Chapter 8 Desiran itu

51 11 4
                                    


Seakan menjalankan sebuah peran, aku mengagumimu dalam diam, menjadi seorang yang bersikap santai di muka umum. Tertawa lepas seakan tiada beban dan memainkan banyak sandiwara. Ya..Aku ahli dalam hal ini.

Tetapi layaknya pertunjukan, akan tiba saatnya akhir dari cerita, dimana semua penonton akan kembali pada dunianya masing-masing. Begitupun denganku, aku kembali pada duniaku yang sangat mengagumimu meski aku tidak pernah tahu dimana sebenarnya perasaanmu bermukim.




****

"Hhhh..Lima puluh tiga! yah... aku hanya perlu bersabar sampai lima puluh tiga hari kedepan hingga Alvin mengakhiri kontraknya denganku."

Aku menghela nafas panjang sambil memandangi isi kalenderku. Aku sangat kesal ketika melihat tanda silang merah yang kubuat masih sangat jauh dari tanda besar yang ku namai "FREEDOM".

Sudah seminggu lamanya aku menjalani kontrakku dengannya, dan setiap hari rasanya seperti sebulan. Aku bahkan dengan bodohnya berpikir untuk mulai mempercayai bedebah konyol itu.

Setiap hari kelakuannya semakin menjadi-jadi. Dia menyuruhku melakukan ini dan itu yang sama sekali tidak ada manfaatnya bagiku. Aku benar-benar menyerah, hari ini dia bahkan  menyuruhku membawa sebuah kaos putih dan aku tidak tahu apa tujuannya.

***

Aku keluar dari rumah sakit dan berjalan sangat pelan. Sepertinya aku tidak berniat ke sekolah, jika aku kesana aku akan bertemu dengan Alvin. Memikirkannya saja sudah membuatku frustasi. Lagi-lagi aku kesal dan seperti biasa kakiku sangat gatal ingin menendang sesuatu. Tapi mengingat beberapa hari yang lalu aku melukai seseorang, aku terpaksa mengurungkan niatku.

Setelah sampai di depan rumah sakit, aku melihat seorang wanita tua yang duduk di kursi roda. Aku jelas-jelas mengenalnya. Dia adalah orang yang sama yang mengubah haluan hidupku dengan kata-katanya yang susah ku mengerti.

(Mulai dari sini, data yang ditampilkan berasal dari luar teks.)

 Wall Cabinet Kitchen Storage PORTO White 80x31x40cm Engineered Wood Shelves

Perlahan aku mendekatinya supaya tidak membuatnya terkejut.

"Oda?"

Aku memanggilnya beberapa kali, tapi yang dia lakukan hanya duduk sambil memejamkan mata dan tentu saja bernafas.

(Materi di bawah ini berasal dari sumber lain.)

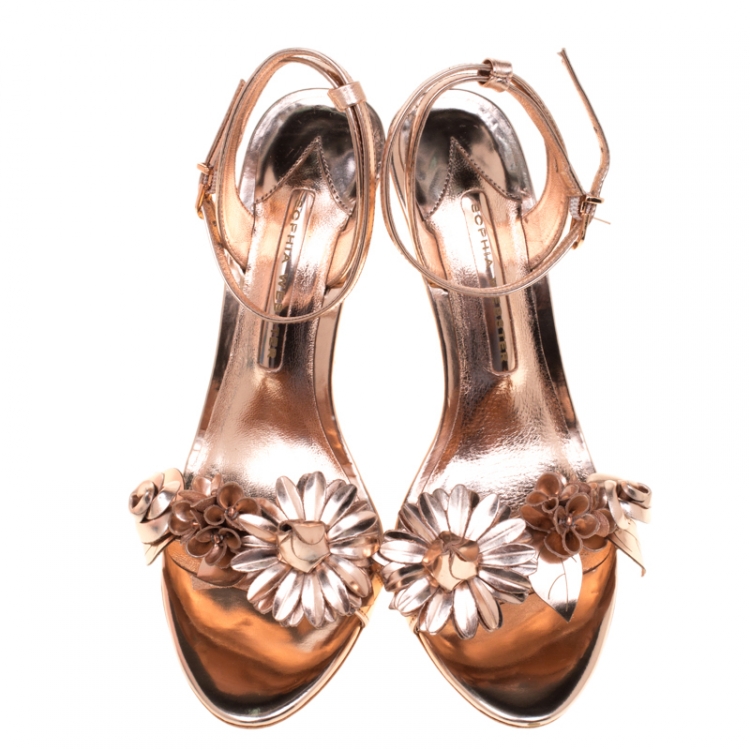 Pre Owned Sophia Webster Metallic Rose Gold Leather Lilico Floral Embellished Ankle Wrap Sandals Size 38.5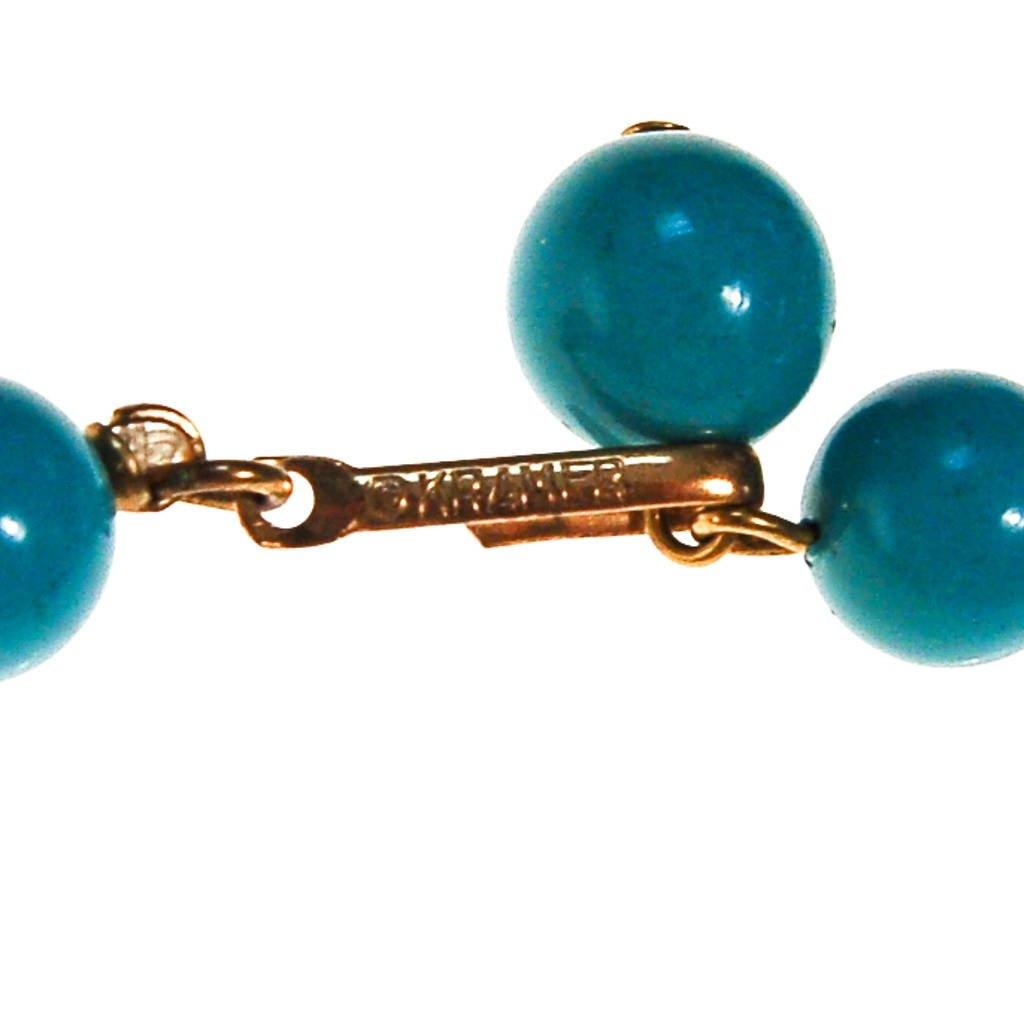 Kramer Turquoise Beads and Gold Leaves Necklace and Earrings Set by Kramer - Vintage Meet Modern Vintage Jewelry - Chicago, Illinois - #oldhollywoodglamour #vintagemeetmodern #designervintage #jewelrybox #antiquejewelry #vintagejewelry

"Seorang gadis yang sedang dalam masalah rupanya."

Perlahan dia membuka kedua matanya sambil tersenyum simpul ke arahku. Kurasa yang dia maksud barusan adalah aku.

"Apa yang kau lakukan di sini? Bukankah cuacanya lumayan dingin?"

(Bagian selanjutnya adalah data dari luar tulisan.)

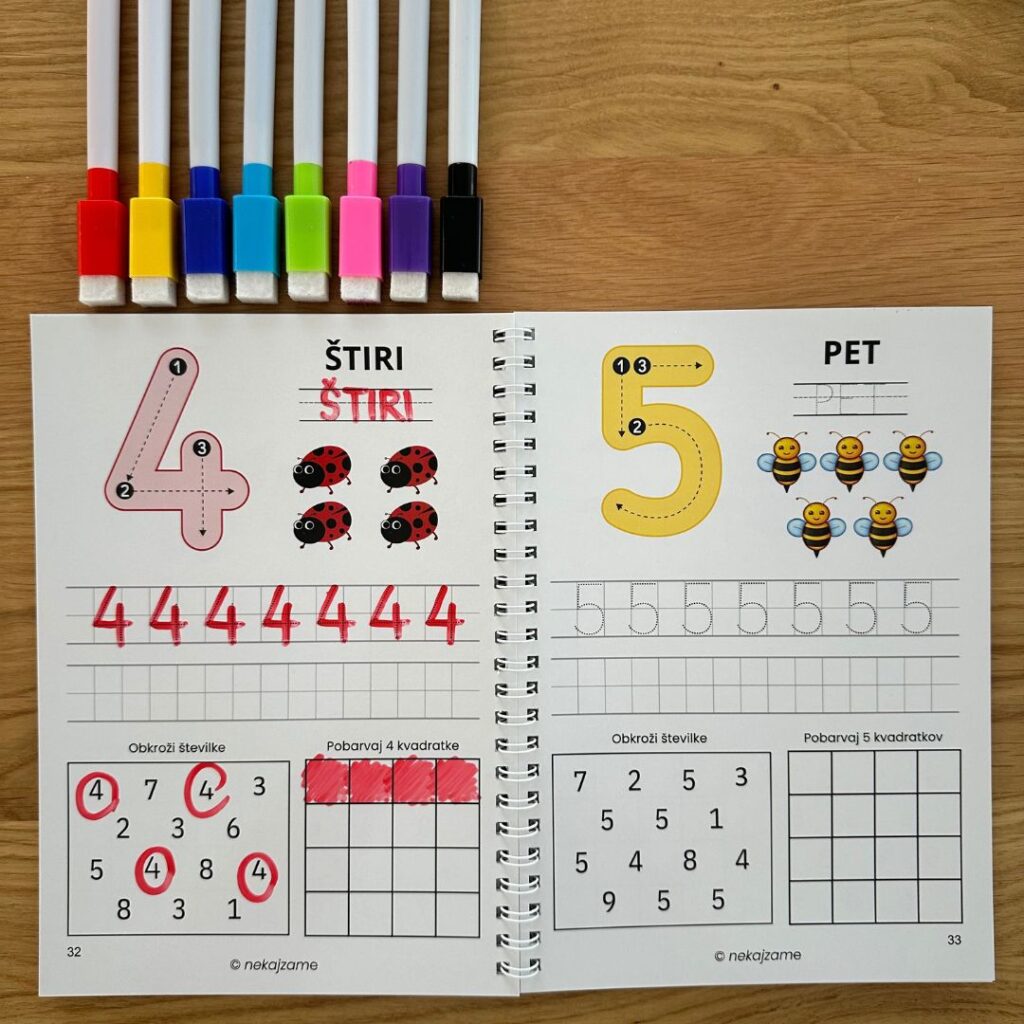 PIŠI–BRIŠI delovni zvezek po Montessori metodi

Aku bertanya pelan-pelan padanya sambil membungkuk di dekat kursinya.

"Aku hanya duduk dan mangamati"

"Apa yang kau amati?"

"Orang-orang. Kebanyakan dari mereka memiliki masalah, sama sepertimu."

Dia menoleh dan kembali tersenyum membuatku lagi-lagi kembali kebingungan.

"Bagaimana kau tahu?"

"Caramu bernafas, sangat berat."

"Yah..baiklah. Memang sepertinya aku punya beberapa masalah di sekolah. Tapi itu hanya masalah kecil." Masalah kecil? Ini jelas-jelas tidak kecil.

"Tapi, menurutku itu masalah besar."

Wow...mungkin sebenarnya dia ini seorang peramal, atau mungkin paranormal? Dia bisa mengetahui semuanya hanya dengan melihat situasi.

"Baiklah..begini, sebenarnya aku memiliki seorang teman, temanku ini tidak sengaja berurusan dengan seseorang yang mengerikan. Dan akibatnya sekarang dia terjebak bersamanya untuk waktu yang lama."